Alexia Danielsson is 12 years old from Sweden. Coming from a racing family, Alexia started karting at the age of 7. She currently competes in the Swedish MKR Championship in the Mini class and she is the overall runner-up in 2021 season which she just finished recently. Back in 2019, Alexia was also overall runner-up in the Swedish MKR Championship in the Micro class.

Photos © Alexia Danielsson

Paddock Sorority (PS): Can you tell us about your first exposure to motorsport and how you started karting? How was your first experience in a go-kart?

Alexia Danielsson (AD): Since my father has been racing all his life (Alexander “Alx” Danielsson, 2006 champion of Formula Renault 3.5), I grew up in the paddocks. So you could say I have been around motorsports my whole life. Legend has it, I went on my first passenger ride around a racing track when I was four weeks old. My first time in a kart came after I had been asking dad to try one. He bought an old junior kart together with a friend and me and his friends daughter got to try it at an old airfield. We then became friends and started racing together. I was 7 years old.

PS: What made you decide you want a career as a professional driver?

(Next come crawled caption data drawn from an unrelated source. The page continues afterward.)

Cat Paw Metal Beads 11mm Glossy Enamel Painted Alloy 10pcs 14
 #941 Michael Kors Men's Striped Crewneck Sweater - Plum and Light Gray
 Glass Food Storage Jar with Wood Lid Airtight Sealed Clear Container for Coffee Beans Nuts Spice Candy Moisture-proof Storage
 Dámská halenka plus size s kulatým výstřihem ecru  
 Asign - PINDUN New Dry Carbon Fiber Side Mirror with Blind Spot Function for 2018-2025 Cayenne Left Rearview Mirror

AD: Well, I am only 12 haha. I guess when I learned that hard practice pays off. I was nine and at the very end of the season, I wanted so much to have a good last race. I went testing eight times in two weeks at that track. Even driving at night with flashlights on the kart and helmet. That race was my first pole position. I learned that if I practice enough I have it in me to win. That triggered something I think.

PS: How are your family supporting you in your career?

AD: Luckily I get all the support I could hope for. Since I don’t have a driver’s license yet, I need a ride to the track as well as a mechanic etc. My dad helps me with all that. My mom is very supportive and holds down the fort while we are away racing. Most of the time she brings my kid brother to the track on race day so we can all be there together. I love it!

PS: What has been your best memory in your career so far?

AD: It’s hard to choose just one. There have been some really cool memories. Just this year I won a kart race with 49 drivers and got the lap record on that track, despite never having ever been to that track before race day. But actually getting picked to be a part of the FIA Girls on Track – Rising Stars was the best day ever!

PS: Has there been a very difficult time in your career? How did you get through it?

AD: No, not really. I was hit once on a in lap after a race and flipped at high speed but it wasn’t a hard time, just a big crash. I am just out to learn as much as possible right now. Even setbacks are something to learn from. Just a couple of days ago I was hoping to take the championship lead in our big series over here, but when we put the new tires on in qualifying, I lost all grip for the whole day. It became a rescue mission to salvage what points I could. Those types of days happen sometimes and I think you can learn more from those than when you are winning. 

PS: How are you juggling school work, training, and racing?

AD: School is quite easy so far since I am young. We try really hard to minimize days away from school too. For example we have done hardly any practice on tracks far away before a race because that would mean taking days of school. I have a really good teacher that gives me all the assignments and I can do exams in advance on the days I have to be away. Other than that, all practice in the kart I do in the evening after school. 

PS: If you want to keep going up the ladder, what do you need to still work on as a driver?

AD: Regarding things I need to work on I would say maybe I get a bit too angry after a bad heat. I am really passionate about my sport so I don’t really know how to switch that off, you know? But I will work on it.

PS: How did you prepare for the selection in October?

AD: I did a lot of physical training and running as well as trying to do some laps in a big kart. But I am still racing my junior kart so it’s a little hard as I want to win the category I am in and finish off my junior karting career on a high. At the same time I knew that we will drive big karts in the shoot out so I would like to do more practice because of that of course! I have already got a formula license too, so I have started practicing in a single seater.